Dawn of the Dev: 2012

Friday, 19 October 2012

EDS Killing Thunderbird

I’ve finally worked out why Thunderbird email has been almost unusable since upgrading my various Ubuntu machines to Precise Pangolin 12.04.

The symptoms were very sluggish Thunderbird interface response, leading to a segmentation fault crash. The crashes only happened sometimes and didn’t seem to follow a pattern of time from start-up.

The EDS Contact Integration Add-on seems to have been responsible. EDS is the Evolution Data Server and although I don’t use Evolution directly, I have registered my various Google and Twitter accounts, which apparently get pulled in by EDS too.

I have quite a few Google contacts (>700), so I can only assume that the add-on is trying to process them all.

Anyway, the immediate problem is solved by disabling the add-on. I use a google contact sync plug-in anyway, which works fine, so as far as I know I’m not missing out on anything.

Monday, 28 May 2012

Statistical Graphing with R

I have been collecting some metrics from the 8 agile teams that I work with and planned to create some nice visual reports to help identify software development practices that could be improved.

The data was initially in an Excel spreadsheet, so I used its built-in graphing capabilities which had been good enough for previous projects. I quickly found problems that made me want to look for a better solution;

Difficult to create multiple graphs with aligned x-axes.
Every time I wanted to use the same graph with different data, I’d have to either replace the data or tweak every graph.

So I tried Gnumeric, which has some nice graphing features, but its lack of pivot tables puts it out of the running. Libre Office Calc was much the same as Excel. I tried some Linux graphical plotting applications, the nicest of which was QTIPlot, which solved the common X-axis problem, but its vector output was poor.
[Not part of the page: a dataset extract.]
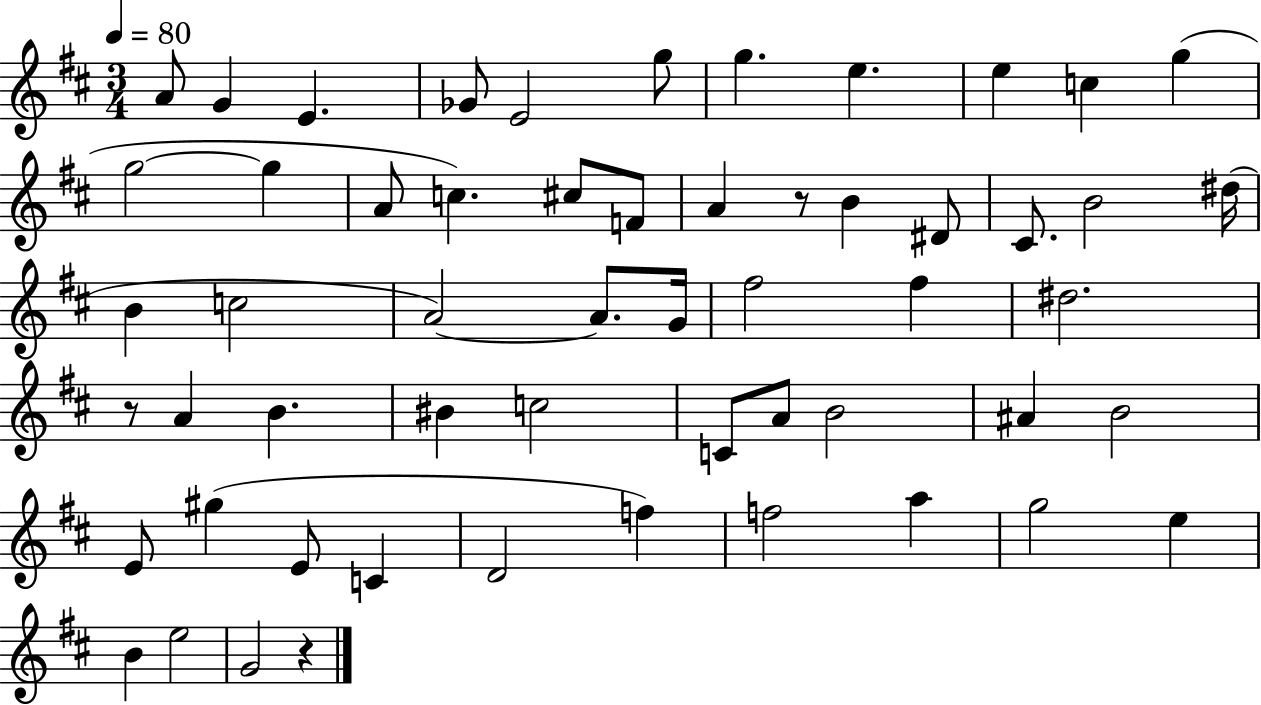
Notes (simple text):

A4/e G4/q E4/q. Gb4/e E4/h G5/e G5/q. E5/q. E5/q C5/q G5/q G5/h G5/q A4/e C5/q. C#5/e F4/e A4/q R/e B4/q D#4/e C#4/e. B4/h D#5/s B4/q C5/h A4/h A4/e. G4/s F#5/h F#5/q D#5/h. R/e A4/q B4/q. BIS4/q C5/h C4/e A4/e B4/h A#4/q B4/h E4/e G#5/q E4/e C4/q D4/h F5/q F5/h A5/q G5/h E5/q B4/q E5/h G4/h R/q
Eventually I looked at statistical computing environments and settled on the R Project, a programming language for statistical analysis and graphing. It solved all the problems I was having with GUI based tools and in the process introduced me to a new way of explore my data.
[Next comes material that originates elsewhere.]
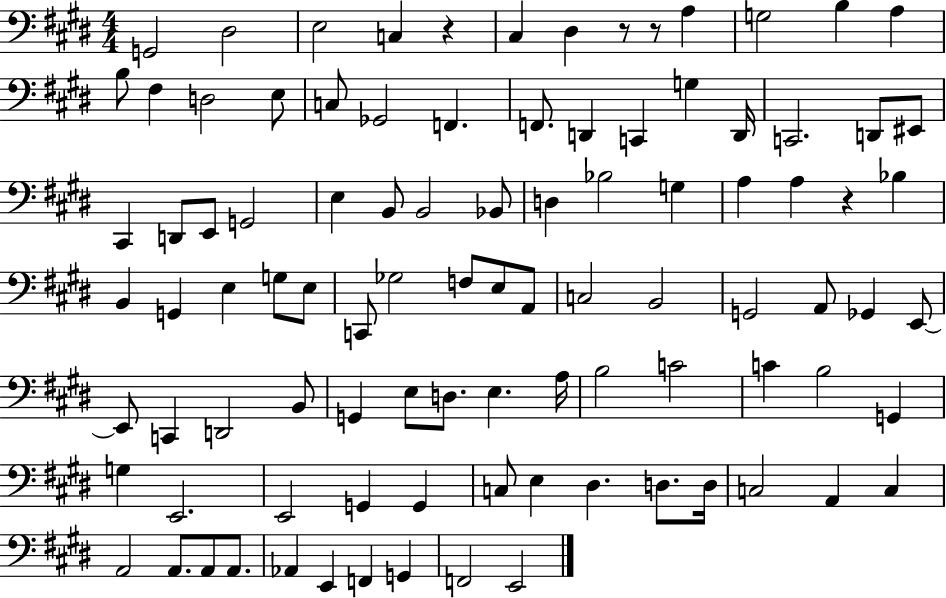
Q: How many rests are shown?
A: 4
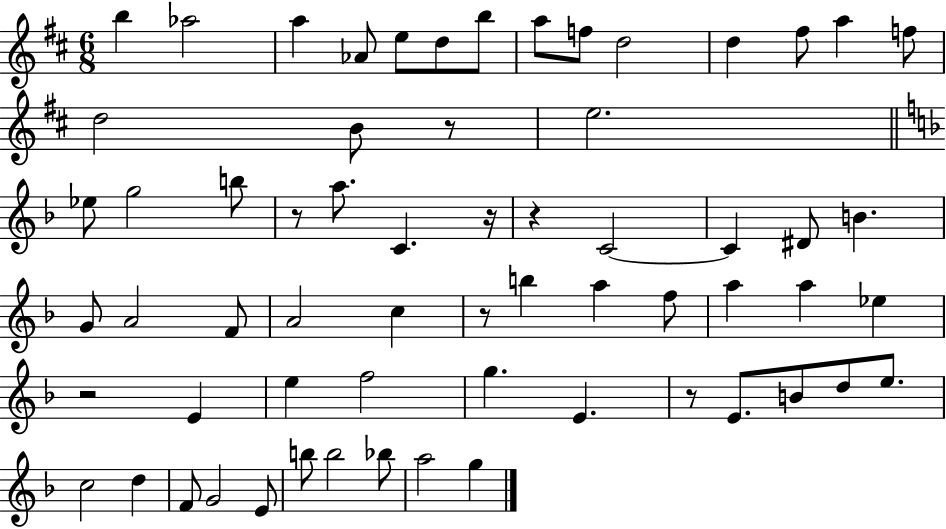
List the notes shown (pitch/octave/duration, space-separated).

B5/q Ab5/h A5/q Ab4/e E5/e D5/e B5/e A5/e F5/e D5/h D5/q F#5/e A5/q F5/e D5/h B4/e R/e E5/h. Eb5/e G5/h B5/e R/e A5/e. C4/q. R/s R/q C4/h C4/q D#4/e B4/q. G4/e A4/h F4/e A4/h C5/q R/e B5/q A5/q F5/e A5/q A5/q Eb5/q R/h E4/q E5/q F5/h G5/q. E4/q. R/e E4/e. B4/e D5/e E5/e. C5/h D5/q F4/e G4/h E4/e B5/e B5/h Bb5/e A5/h G5/q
R has a shell, so you can load some data into a variable and then start playing with it. You can easily filter data, apply matrix transformations and feed data through mapping functions.
Once you have the data in the shape you’re interested in, you can run it through one of the built-in functions, which give you lots of standard graph types, or delve into The Comprehensive R Archive Network (CRAN) which is a massive library of user contributed functions for graphing and analysis.
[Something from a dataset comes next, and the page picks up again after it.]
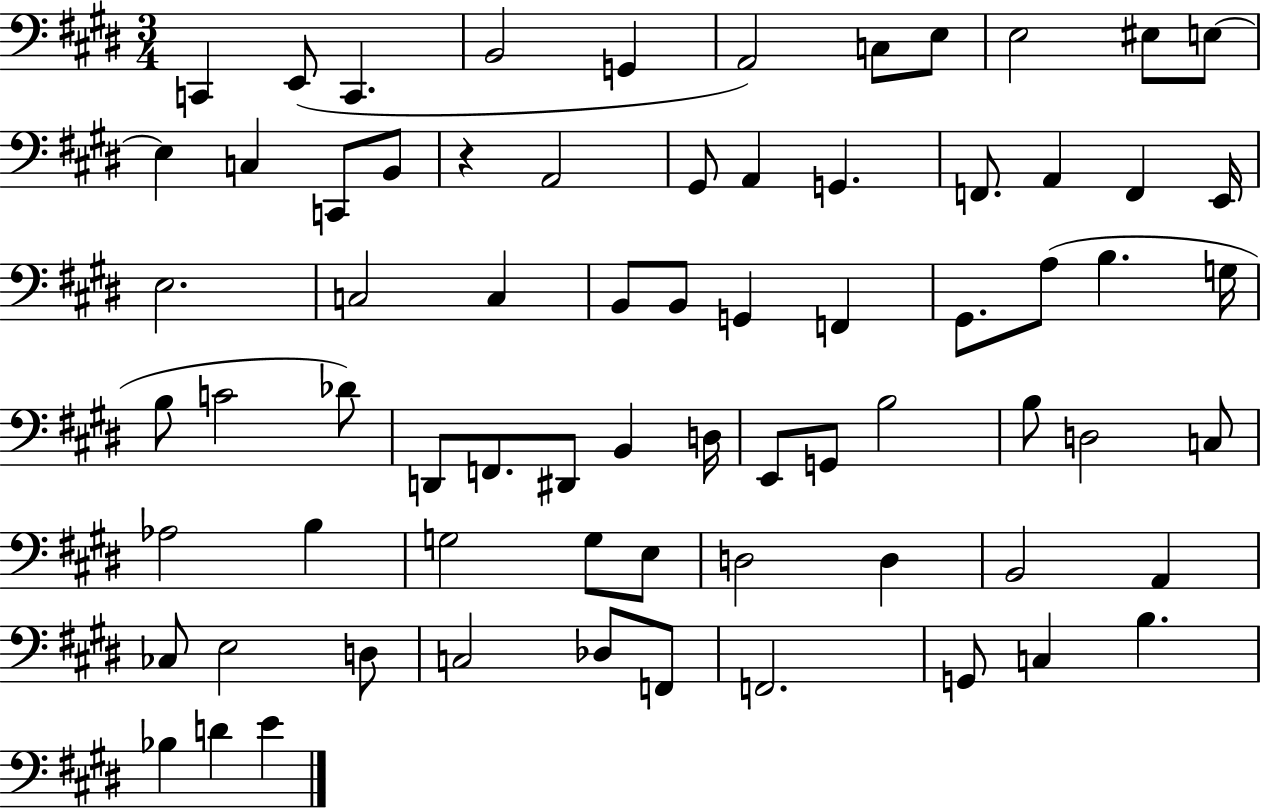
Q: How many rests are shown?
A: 1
Once you have settled on the transformations and graphs you want to write out, you can write a script that outputs to various file formats, including PDF, SVG and Postscript. At the end of each iteration, I run my script that takes the latest data as a CSV file and outputs all the graphs I need for my report. When I think of new graphs I’d like to include, I add them to my script. It’s easy, reproducible, massively flexible and oh yes… it’s open source too.

Here’s a quick distribution graph (took maybe five minutes)…

This distribution of story estimates (in man-days) shows that;

Even numbers are more popular than odd numbers
9, 11, 17 and 19 are never chosen, presumably due to rounding up or down to 10 and 20.
There is a general preference for nice small stories.

All this was created with the following R script;


data <- read.table("data.csv", header=TRUE, sep=",")

small_quotes <- data$Original.Estimate[
  data$Original.Estimate <= 576000 & 
  data$Original.Estimate > 0] / 28800

hist(
  small_quotes, col=rainbow(40,0.5),
  main=paste("Histogram of ", length(small_quotes),
    "Quote Sizes <= 20 units"),
  breaks=20, xlab="Estimate", ylab="Frequency"
)

Have fun setting your data free!

Monday, 20 February 2012

Learning Erlang Recursion

I’m learning the Erlang Programming Language and am currently working on the recursion exercise in the erlang course.

The min and max functions seemed pretty straightforward;

min([X,Y]) when X > Y -> Y;
min([X,_]) -> X;
min([H|T]) -> min(H,min(T)).

max([X,Y]) when X > Y -> X;
max([_,Y]) -> Y;
max([H|T]) -> max(H,max(T)).

min_max(List) -> {min(List),max(List)}.

But this is the best I could come up with for the Swedish Date problem; convert an Erlang date in the format {2001,02,03} to “010203″ recursively.

swedish_date() -> swedish_date(date()). 

swedish_date(Date) -> swedish_date(tuple_to_list(Date), "").

swedish_date([H|T], DateString) ->
        List = "0" ++ integer_to_list(H),
        String = lists:sublist(List, length(List)-1, 2),
        swedish_date(T, DateString ++ String);
swedish_date([], DateString) -> DateString.

Can anyone improve on that? I feel sure that recursion could help with the number of digits in each part of the tuple. 2001 → 01, 2 -> 02, etc.